Congress launches tip line for feds as it takes 'worst' agencies to task

Federal News Radio

The head of the House panel that oversees federal workforce issues is inviting federal employees to share their work-related concerns through an email "tip line." TellMark@mail.house.gov

The emails will be treated as anonymous resources for congressional investigations of workplace satisfaction at agencies. The information will help the House Oversight and Government Reform Subcommittee on Government Operations monitor agencies' efforts to improve employee engagement and morale, according to the office of the subcommittee chairman, Rep.

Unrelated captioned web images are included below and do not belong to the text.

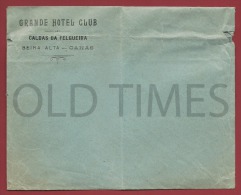 PORTUGAL - CALDAS DA FELGUEIRA - GRANDE HOTEL CLUB - OLD COVER. - Maximumkaarten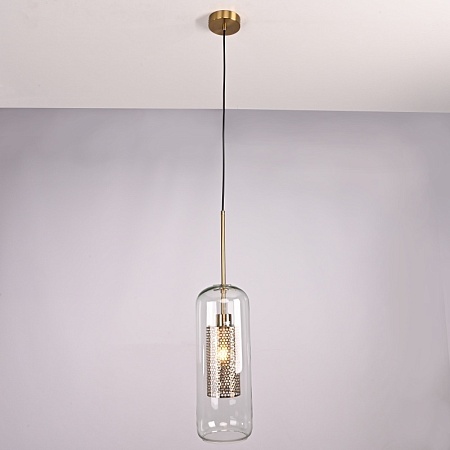 Подвесной Светильник Catch F Cylinder Brass D15 Imperiumloft 186719-26 - фото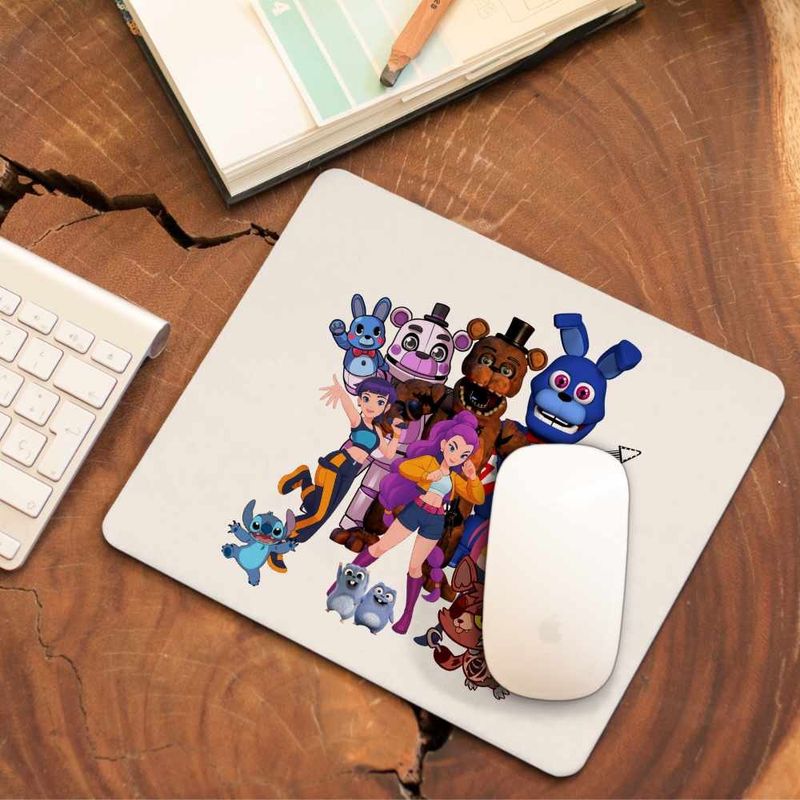 PC, gaming si accesorii - Periferice PC - Mousepad - Mousepad Fnaf Huntrix K-pop Demon Hunters Five Nights at Freddy Horror Halloween CoolTrend, 21x19cm - Infinity.ro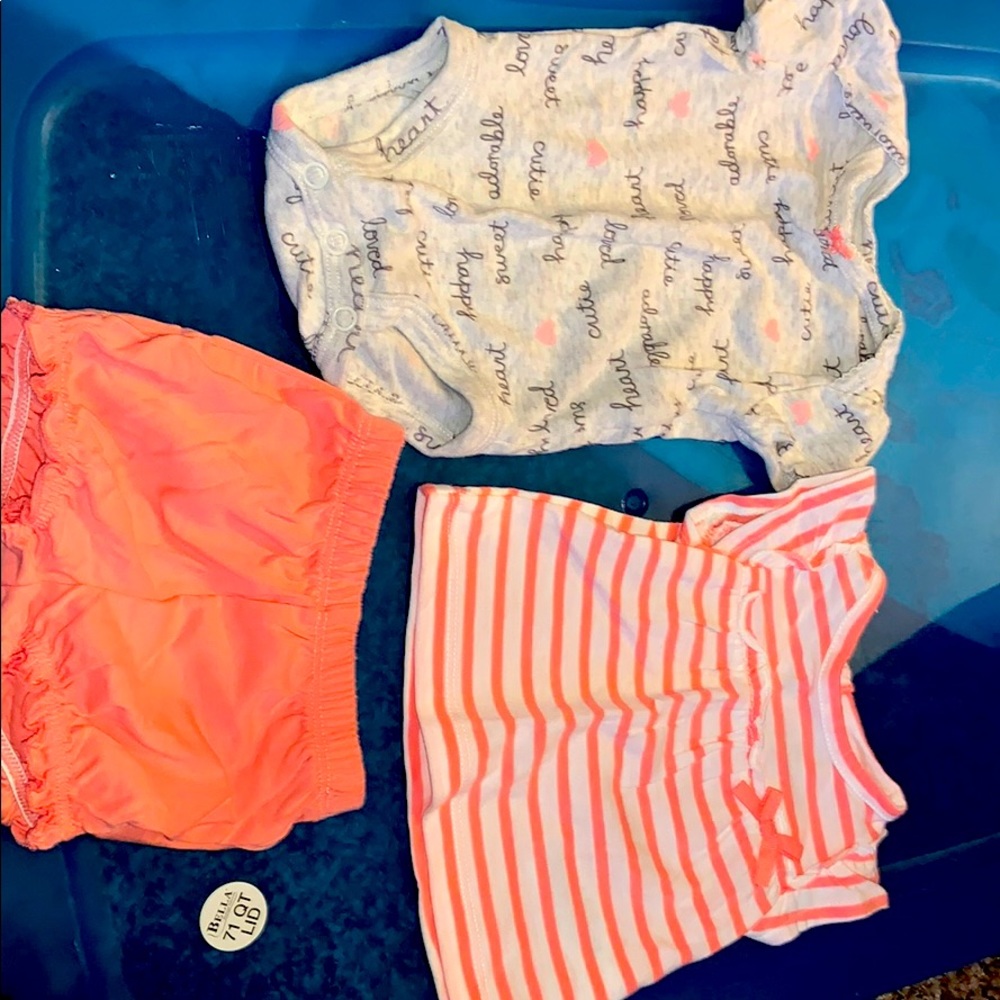 3 piece short set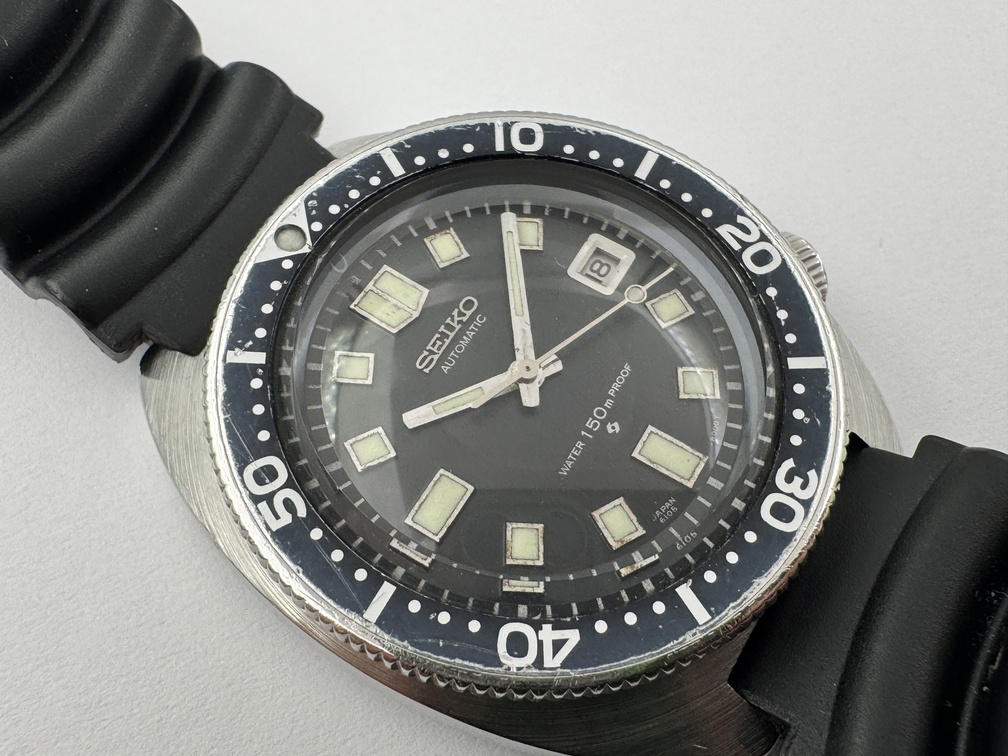 Vintage SEIKO 6105-8000 (Slim Willard) Diver“s 150 M Proof Automatic - 41 mm - Image 3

Mark Meadows (R-N.C.).

Meadows announced the tip line, TellMark@mail.house.gov, after concluding a hearing entitled, "The Worst Places to Work in the Federal Government." The panel hauled in leaders of three low-ranking agencies — the Homeland Security Department, National Archives and Records Administration and the Chemical Safety Board — to testify about efforts to improve employee satisfaction.

The three agencies had received some of the lowest scores on the most recent Federal Employee Viewpoint Survey, which the government administers to all federal employees to discern their opinions about their work environments and leaders. The officials characterized their agencies' ratings as problems that had grown over many years and would take months, if not years, to fix. Yet they assured members of the subcommittee that they were working on ways to boost their ratings in this year's survey, which begins on April 28.

"I take the results of the Federal Employee Viewpoint Survey very seriously and personally," said National Archivist David Ferriero, whose agency ranked 23rd out of 25 mid-sized agencies in the annual Best Places to Work in the Federal Government, which is based on the survey results.

"What is most distressing to me is that many staff feel that they've been undervalued and overworked for years," said Ferriero, who has been in the position since 2009. "They are rightfully frustrated by the simple fact that over three decades, our holdings have tripled. Customer expectations have changed dramatically and electronic records require new resources while, at the same time, our workforce numbers have declined. We're far behind finding efficiencies to do more with less. The very nature of our work has changed to the point where employees of 30 years ago wouldn't recognize it."

DHS' morale problems also have been duly noted by the department's leader, but he suggested that he was sick of hearing about them from outside sources.